DIY microscopy: smartphone and LEGOs for Cell Biology

Stay geek, love biology. This is the very simple philosophy I adopted since I was a freshman, and it is turning out really useful. I really wish to all of you in research to get proper funding for your projects, and to enjoy DIY as a funny and brainy activity. But, if you are out of money in your lab (e quindi, forse, riuscite a leggere questa frase), you may consider DIY as a survival strategy. In this post, I will expose a couple of ways to do a simple, but still very effective microscope for explicative usage. When I was making my thesis in the wet labs of the Faculty of Medicine at Sapienza University, I very often faced the problem to find an available microscope. And very often I used to ask myself how could I build one.

You can use your smartphone…

Even if many of you might have seen this, since the video is rolling around the web for a while, I would like to mention this tutorial on how to build a microscope with your smartphone.

This video has been published almost one year ago on instructibles, the MIT-born website that allows users to share their DIY projects and experience. Surfing the site, you can actually find a lot of tricks and tutorials for your DIY microscopy experience, meant for beginners and experienced makers.

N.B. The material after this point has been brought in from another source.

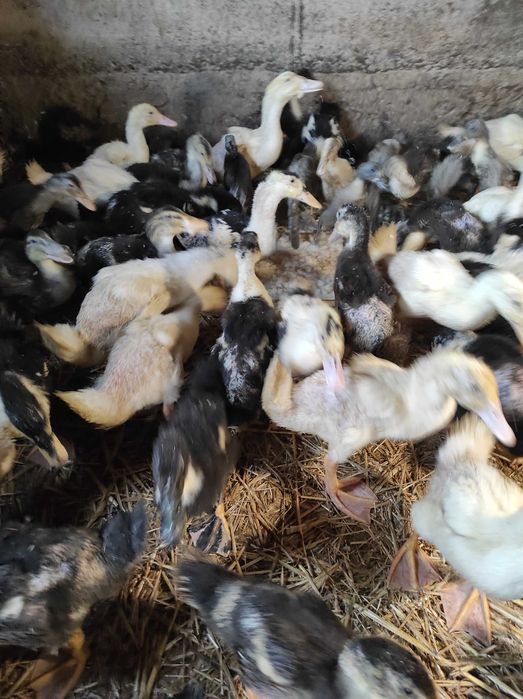 Sprzedam kaczki Brojler 5 tyg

…or maybe build it from scratch…

Experienced geeks will love the very wide focus given to DIY microscopy given by Hackteria, a landmark website for DIY biology community. The point here is not to convert your mobile into a microscope, but to build one from scratch by assembling simple components. Hackteria provides a detailed wiki to those who are in the mood to accept the challenge.

…or just using LEGO!

I cannot really give a tutorial for this, but this story worths a mention. Today, the Google Science Fair winners have been announced.  Even if Mark Drobnych in not on the podium, the 13 y/o boy from Uzhgorod, in western Ukraine, gets our full attention for having used a LEGO Mindstorms kit to create a microscope that teachers can use to show students images on a projection screen. There is also a Web to let schools around the world compare images. He came up with the idea to help those institutions that don’t have enough money to supply each child with a microscope.

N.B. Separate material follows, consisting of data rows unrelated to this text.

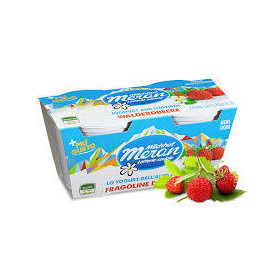 MERANO YOGURT 125 X 2 FRAGOLINE DI BOSCO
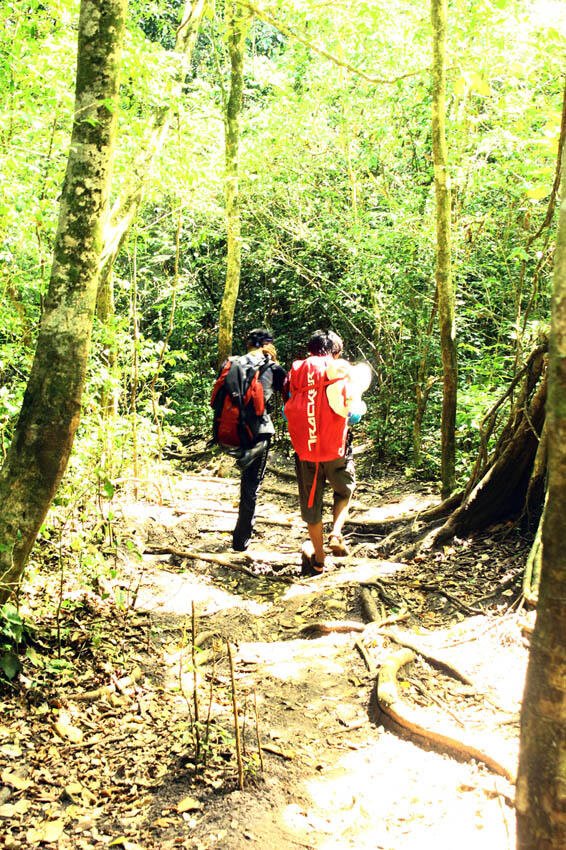 &#91;CatPer&#93; Pulau SEMPU Jalur Waru Waru share cost 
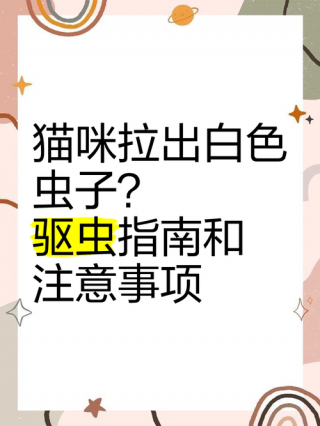 猫咪拉虫子怎么办？猫咪拉屎拉虫子（最新）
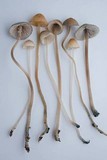 Mycena amicta image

I am very happy for him, since he comes from a country seriously flared by an insane war, and I really believe that Science, work and passion may be a great way out from war and tyranny. On Scientific American, you can read the description of some of the finalist projects at GSF.

But still loving ol’ Zeiss

In all the cases shown here, optical microscopes can be build from anyone with a fairly good resolution. Anyways, we need to keep in mind that resolution is not the only thing to take into account when you rate a microscope. Optical aberrations correction is maybe the most important feature of a microscope, crucial to determine the success when you submit your pictures to a journal. So, DIY microscopy can be very funny, useful for small and educational usage, but still far to replace advanced commercial solutions. Try this at home, but don’t trust it too much at lab.